L’icanya est un pâturage réservé au bétail du mwami ou d’un chef, il est situé en règle générale à proximité immédiate de leur résidence ; il arrivait qu’une partie de cette réserve fut concédée à un éleveur qui, à cette occasion, prenait le nom d’umukurikizi, il devait acquitter une redevance en bétail ingorore dite umukurikizo. En saison sèche, tout comme au Ruanda ancien, les bas-fonds et les marais étaient strictement réservés au bétail du mwami et des chefs.
On nomme ibuga (litt. plateau), le pâturage de toute saison accordé par le chef à un pasteur et à sa famille. La réserve de pâturage s’intitule iraro (de kurara : passer la nuit). Ces pacages s’obtenaient du chef moyennant le payement d’une vache de redevance ingorore. Les autres éleveurs désireux de faire paître leurs bêtes dans ces réserves, devaient acquitter des redevances en houes, bière, sel, vivres, auprès de leurs bénéficiaires. Il appert que semblables réserves de pacage n’étaient connues en Urundi qu’au Mugamba et au Bututsi, régions de grands éleveurs, tandis qu’ailleurs les pâturages étaient communs à tout le cheptel de la chefferie et constituaient, en fait, une vaine pâture.

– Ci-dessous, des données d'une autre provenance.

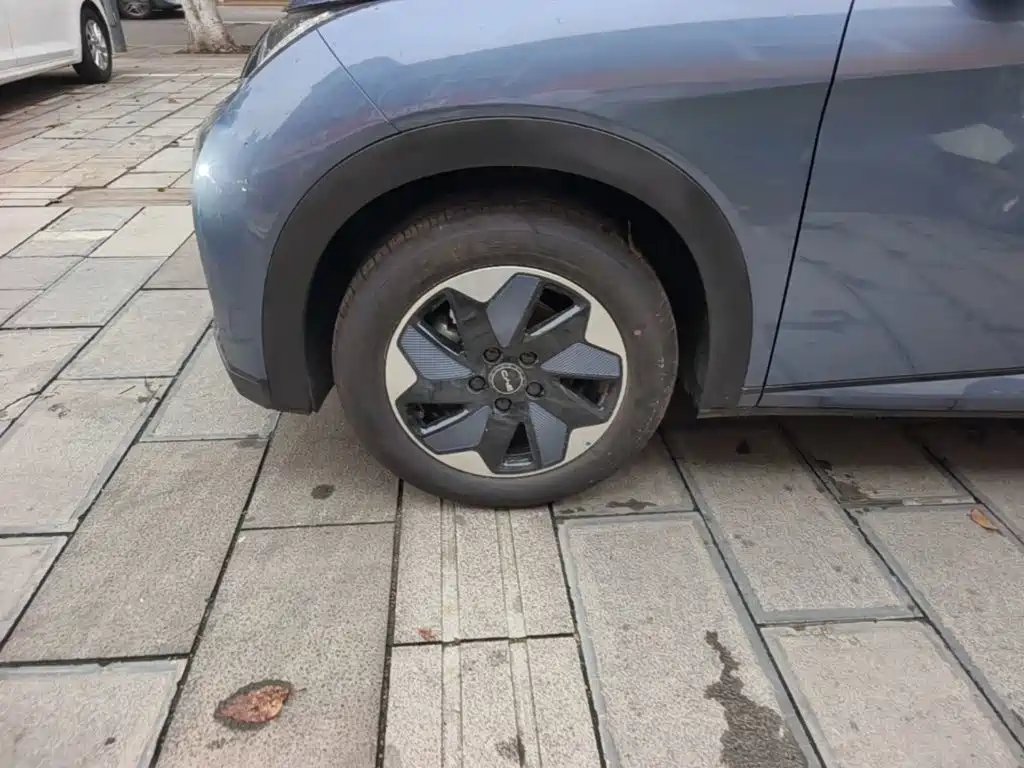 BYD Dolphin — миниатюра 23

Parmi les tributs qui étaient dus par les éleveurs et qui sont maintenant tombés en désuétude, notons :
Ingorore ou inka y’umushikiro : redevance due par les éleveurs lors de l’avènement d’un chef ;
Ingorore y ’abacikire: redevance due par les immigrants ;
Ingorore y ’ibuga, y ’ubwatsi, y’umusozi: redevance due pour la jouissance d’un pâturage à titre exclusif ;
Ingorore pour usage d’un pâturage en saison sèche à titre exclusif ;
Ingorore y ’umukwirikizo : redevance due pour paître le bétail, dans les pâturages ivyanya réservés ;
Ingorore y ’ibishakara : redevance due pour paître le bétail dans les jachères réservées.
Usucapion.
L’usucapion est tin mode d’acquisition de la propriété fondé sur une possession prolongée. Il est parfaitement connu et admis par le droit coutumier indigène.
On constate que fréquemment un individu s’arroge le droit d’occuper une ferme abandonnée. Le conseil du mwami de l’Urundi remarqua en 1952 que dans les régions peu habitées, il arrive souvent que l’on s’installe librement, quitte à signaler le fait ultérieurement au souschef. Un autre mode d’installation consiste à aller cultiver régulièrement une terre située loin de chez soi, dans une région inhabitée puis, au bout de quelques années, lorsque la terre se révèle rentable, d’en aviser le sous-chef et de s’installer à demeure sur l’emplacement mis en valeur.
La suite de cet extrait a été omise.